As adults, we are called to monitor our own behavior. It’s up to you to adjust your energy and behavior as needed. If you push too forcefully in one direction, the results may not be favorable. Let’s say you have an important goal in mind. Dedicating yourself and focusing your mind on a goal is a positive strategy. But if you hold on too tightly, you can unknowingly squeeze the life out of it.
Relationships, work and other aspects of life including goals all require space. If, for example, you drive too single-mindedly in your work without rest and relaxation, you are apt to burn out. If you push too strongly in a relationship and don’t allow breathing room, you inadvertently create sizable problems.
Sleep, meditation, vacations, restful days, active listening, and play time are all examples of creating space. These are direct forms of self-care and self-regulation. Do you regularly integrate these or other space-giving practices in your life?

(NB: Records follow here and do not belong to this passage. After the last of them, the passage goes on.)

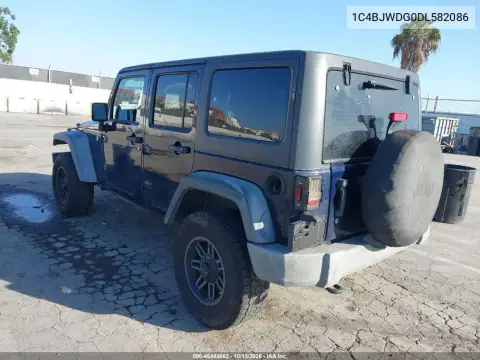 2013 Jeep Wrangler Unlimited Sport VIN 1C4BJWDG0DL582086 фото 4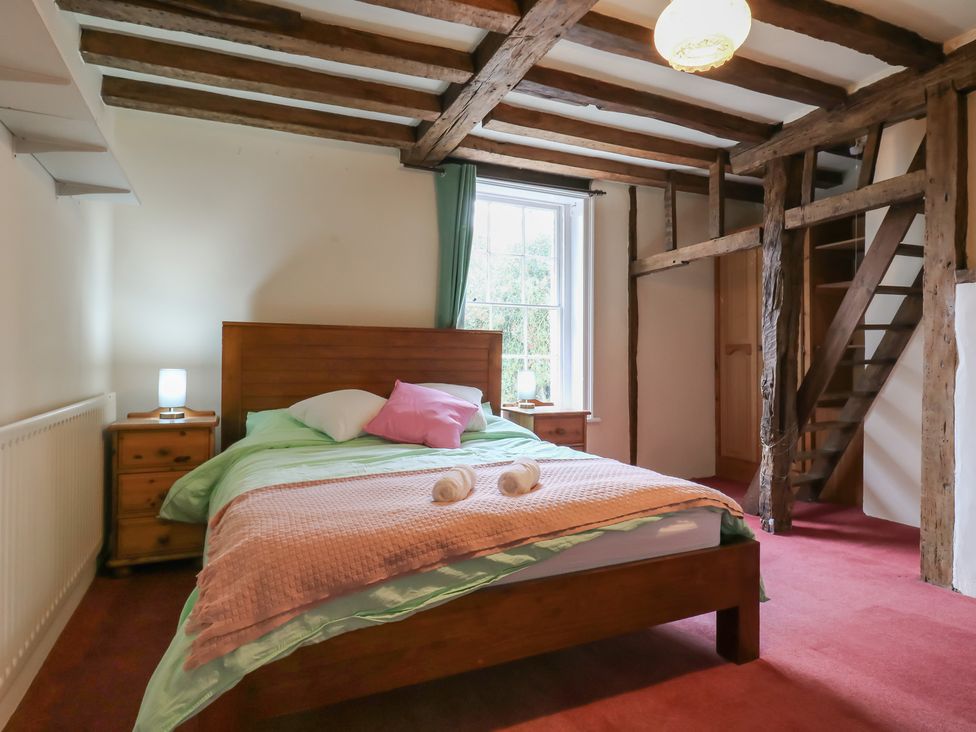 A bedroom with a bed and a staircase at Chilton Manor House in Sittingbourne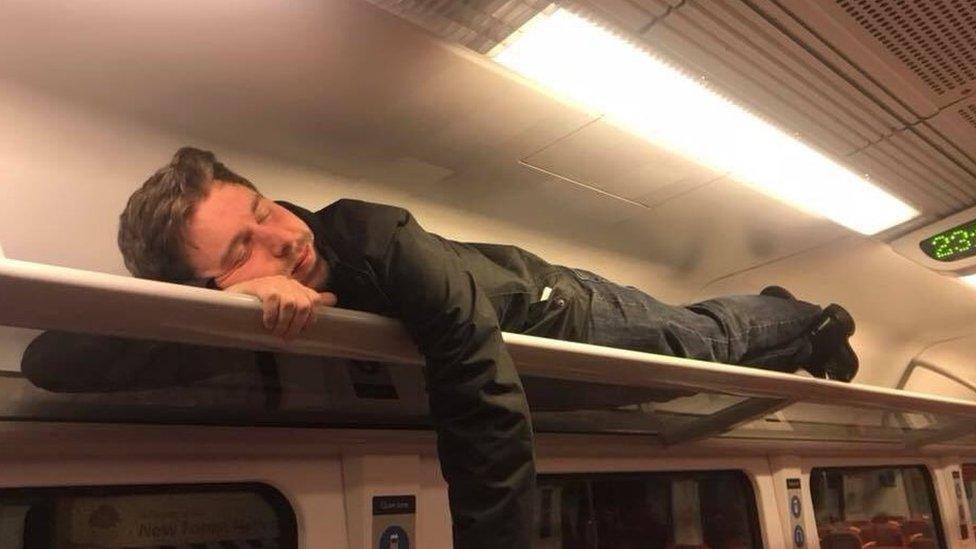 Passenger in luggage rack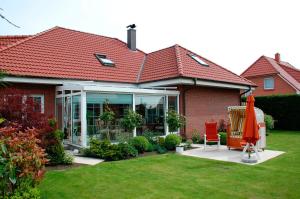 a house with a red roof and a patio at Privatzimmer Ehrhardt Nr1 in Burg auf Fehmarn
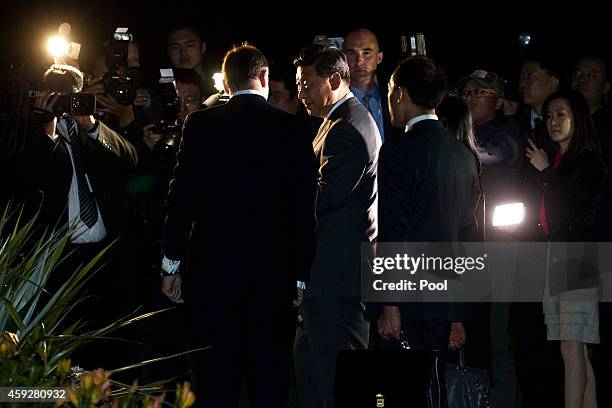 New Zealand's Prime Minister John Key and Chinese President Xi Jinping walk through the grounds of Government House, after spending the day together...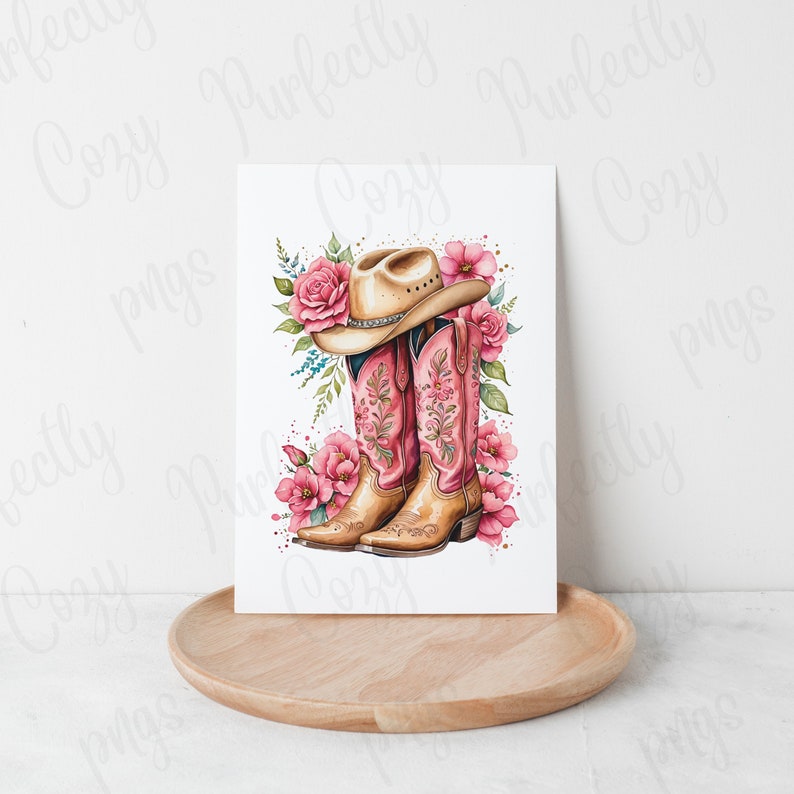 K&ouml;nnte beinhalten: Ein Paar rosa Cowboy-Stiefel mit Blumenstickerei und ein brauner Cowboyhut mit Blumenmuster. Die Stiefel und der Hut sind von rosa Blumen umgeben.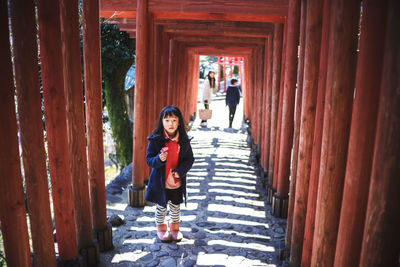 Full length of girl standing on footpath amidst wooden posts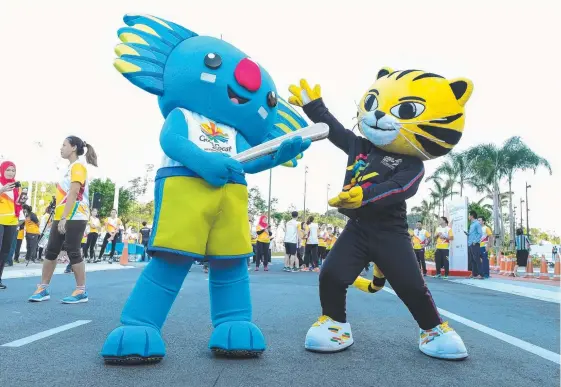  ??  ?? 2018 Commonweal­th Games mascot Borobi will explore Gold Coast tourism attraction­s this week with South East Asian Games tiger mascot Rimau.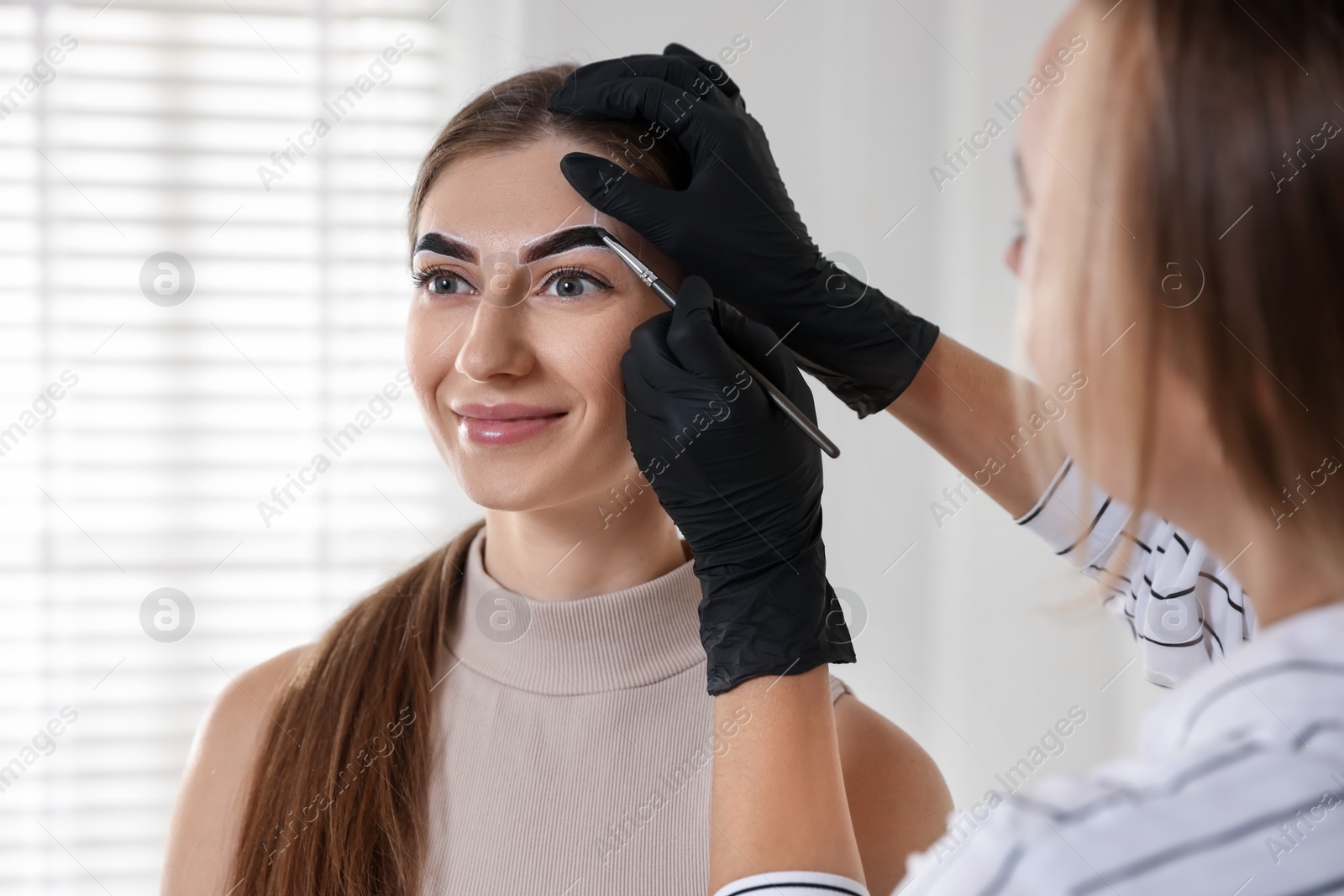 Photo of Beautician dyeing client’s eyebrows with henna in salon, closeup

What does it mean to create space in a relationship? It may be as simple as doing less of a behavior. For instance, if you’ve been told repeatedly by a friend or relative that you don’t really listen to them, you can alter that behavior by paying attention without distraction when they are speaking. Those kinds of tweaks give room for the relationship to grow and possibly flourish.
There are parts of us as humans that could use a timeout so that positive transformation can take place. It may be a blind spot for you. What type of feedback have you received? What areas of your life could benefit from a regular timeout?